So everyone’s cool and they look good.
A friend told me that there is even an anonymous Instagram run by a UN intern who snaps pictures of very well dressed ppl inside HQ. I haven’t seen it but I can understand why it exists.
Now honestly I do like dressing up—most of the time. I appreciate that I can use my vanity and shopoholic ways to add to my professional life. It is fun BUUUUUUUUUUTTTTT fancy dress in a fancy city is FREAKING $$$$$$$! Men can get away with a few suits and ties but ladies, oh no, we gotta have LOTS MORE STUFF: multiple tights, heels, purses, dresses etc. And I just don’t have a high ‘work outfit’ budget so I make do with what I can but yes, I gotta shop.

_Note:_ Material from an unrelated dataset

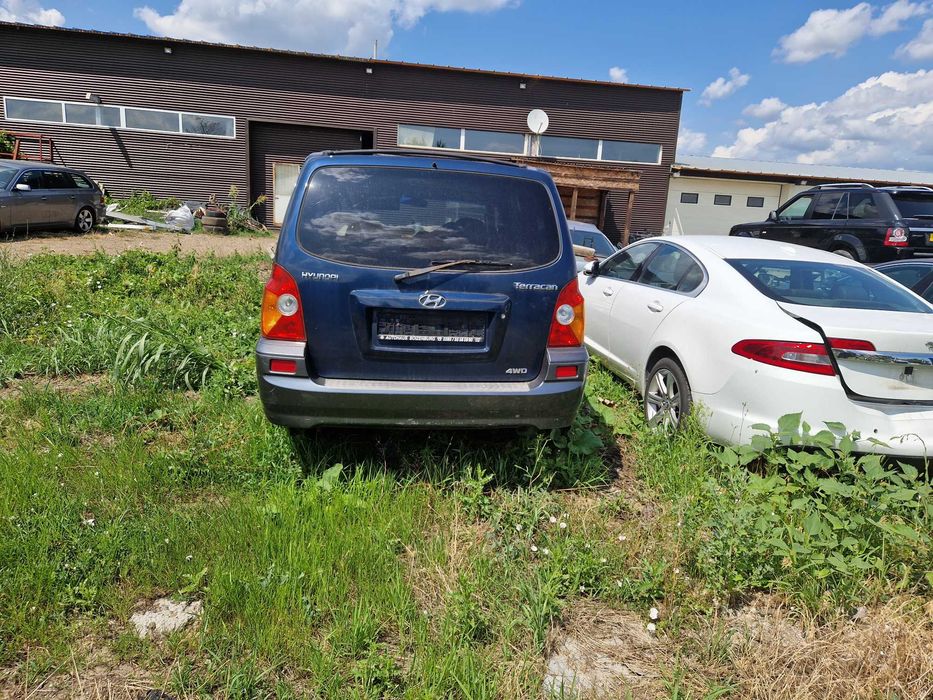 Dezmembrez Hyundai Terracan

And it matters at work too. Since everyone dresses up, if you don’t, well, you really stick out. Perhaps this is b/c this is also Europe where sweatpants are rarely seen in public (why guys why?!) My jeans = barely worn in GVA btw….
So here I am prancing around in all this fancy dress that I wouldn’t wear much in Canada. AND I LOOK DOWN and quickly SCAN THE PRICE of all the things on my body and I KINDA FEEL SICK.
I did this the other day: OUTFIT COSTING
dress = $7 cheap, got it in Istanbul
cardigan = $50 actually FREE gift from mom
jacket = $200 it’s winter and jackets are just $$$
tights = $20 Wolford brand, German and a splurge but still too much!
ring = $15 gorgeous and secondhand!
boots = $125 and this was with a ‘friends’ discount from the gorgeous boutique owner
purse = $100 mine are not so fancy but as you know, this item can be in the 1000s for those who like luxury
TOTAL = $517 (JH did I get it right? 😛 )
And that’s why I feel like a douchebag sometimes. B/c my clothes cost so much and it feels strange that I work in the migration and humanitarian/refugees section yet, here I am all decked out.
AND I’ll admit it, that’s a cheaper outfit day b/c with dresses and jewellery etc. you can pay A LOT MORE 🙁
Should I feel kinda crummy? I think sometimes, that this is just part of the trade. When working internationally, sometimes it calls for fancy dress. BUT sometimes I think, why do I have to wear such nice things? DO I EVEN HAVE TO? Kinda if I want to be taken seriously….in GVA that is!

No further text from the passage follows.